Dalam kasus UU Penodaan Agama juga termasuk undang-undang yang dianggap sebagai upaya diskriminatif pemerintah terhadap kebebasan beragama, bagi sebagian kaum minoritas. Hal ini menurut saya dipengaruhi oleh pemahaman mereka (kaum minoritas) tentang sebuah konsep dasar HAM yang memang mendefinisikan kebebasan beragama adalah hak mutlak yang dimiliki setiap manusia dalam rangka memenuhi hajat hidupnya dan harus mendapat perlindungan agar tidak diintervensi oleh pihak lain. Inilah yang pada akhirnya memicu kontroversi pemberlakuan UU Penodaan Agama karena tidak menyebutkan agama-agama lain selain 6 agama yang diakui di Indonesia guna mendapatkan pengakuan bahkan perlindungan dari pemerintah, padahal konsepsi kebebasan beragama adalah hal mutlak yang harus diakui pemerintah terhadap warga negaranya. Akan tetapi saya menilai ada suatu kekeliruan paradigma berfikir yang dimiliki masyarakat kita tentang penyikapan terhadap UU Penodaan Agama ini, karena tujuan dari pembentukkan undang-undang ini jelas, sebagai bentuk/upaya perlindungan pemerintah terhadap pengakuan HAM dalam hal kebebasan beragama dan mengakomodasi setiap warga negara dalam menjalankan ibadah sesuai dengan syari’at yang diatur agamanya masing-masing.

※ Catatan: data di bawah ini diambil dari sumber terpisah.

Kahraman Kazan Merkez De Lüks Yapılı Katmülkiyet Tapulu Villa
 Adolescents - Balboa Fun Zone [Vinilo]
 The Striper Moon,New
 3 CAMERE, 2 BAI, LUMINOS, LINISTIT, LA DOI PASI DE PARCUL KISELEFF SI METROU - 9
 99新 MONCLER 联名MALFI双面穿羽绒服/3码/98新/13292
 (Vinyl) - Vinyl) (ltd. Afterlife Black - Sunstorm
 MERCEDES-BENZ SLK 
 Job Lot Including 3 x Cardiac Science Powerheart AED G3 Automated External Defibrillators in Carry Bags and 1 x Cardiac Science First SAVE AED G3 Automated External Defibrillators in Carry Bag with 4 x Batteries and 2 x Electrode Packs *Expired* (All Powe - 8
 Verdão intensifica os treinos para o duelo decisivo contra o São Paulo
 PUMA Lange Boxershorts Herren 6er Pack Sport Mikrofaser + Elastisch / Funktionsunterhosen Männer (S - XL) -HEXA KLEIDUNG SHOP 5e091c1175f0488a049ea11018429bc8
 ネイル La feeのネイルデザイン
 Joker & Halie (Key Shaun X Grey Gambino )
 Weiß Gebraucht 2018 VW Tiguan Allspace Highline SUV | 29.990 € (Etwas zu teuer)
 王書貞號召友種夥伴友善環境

Jadi, dibentuknya undang-undang ini justru akan melindungi orisinalitas tiap-tiap agama serta memberikan ketenangan bagi warga negara dalam beribadah karena meminimalisir upaya-upaya pihak tertentu yang dengan sengaja melakukan upaya penggubahan terhadap nilai dasar yang melekat pada agama tersebut, bukan sebuah upaya pembatasan HAM dalam beragama seperti yang selama ini didengungkan oleh para pihak yang kontra terhadap undang-undang ini.
Melalui dasar pemikiran tersebut, saya sepakat dengan apa yang telah dilakukan MK yaitu menolak gugatan Judicial Review oleh para penggugat, karena dianggap undang-undang ini tetap relevan dan masih dibutuhkan dalam realita kemajemukan hidup kenegaraan yang berlandaskan Bhineka Tunggal Ika dan Ketuhanan Yang Maha Esa. Ini memberikan suatu cakrawala baru bagi dimensi keilmuan kita bahwa ternyata eksistensi HAM di Indonesia memerlukan suatu standar yang mungkin berbeda dengan keberadaan HAM di negara-negara barat lain agar kebebasan HAM ini tetap bisa diakomodir tanpa merugikan/mencemari hak manusia lainnya. Tujuannya agar warga negara tidak bisa semaunya membentuk agama baru, karena hal tersebut merupakan sesuatu yang masih tabu dalam budaya masyarakat kita. Artinya konsepsi HAM memang harus dikembalikan lagi pada tempat dimana ia berada, bukan tempat ia berasal. Mengenai umat agama lain yang tidak disebut dalam undang-undang ini, menurut saya ini bukanlah masalah mendapat perlindungan atau tidak, karena walaupun mereka ini termasuk kaum minoritas, kita tetap harus menghormati keberadaan mereka sebagai manusia yang telah diciptakan Allah dengan sebuah nyawa kehidupan sehingga sepatutnya kita bisa menjaga mereka selayaknya kita bisa berdampingan dengan kaum mayoritas yang lain. Sekali lagi, saya berpendapat bahwa tujuan diundangkannya undang-undang ini adalah demi menjaga kerukunan antar umat serta menjamin eksistensi tiap-tiap agama dengan berpegang teguh pada syari’atnya. Agar tidak terjadi penyelewengan yang kemudian berdampak pada dinamika yang tidak sehat dalam perilaku sosial masyarakat kita, dan ini bukanlah suatu pembatasan bahkan diskriminasi terhadap penegakkan HAM di Indonesia, justru undang-undang ini sebagai pengokoh fondasi supremasi HAM Indonesia.



[1] Ikhlas Beramal, Keputusan MK tolak uji materi UU No.1/PNPS 1965, Nomor 62 Tahun Xiii April 2010, hlm. 8.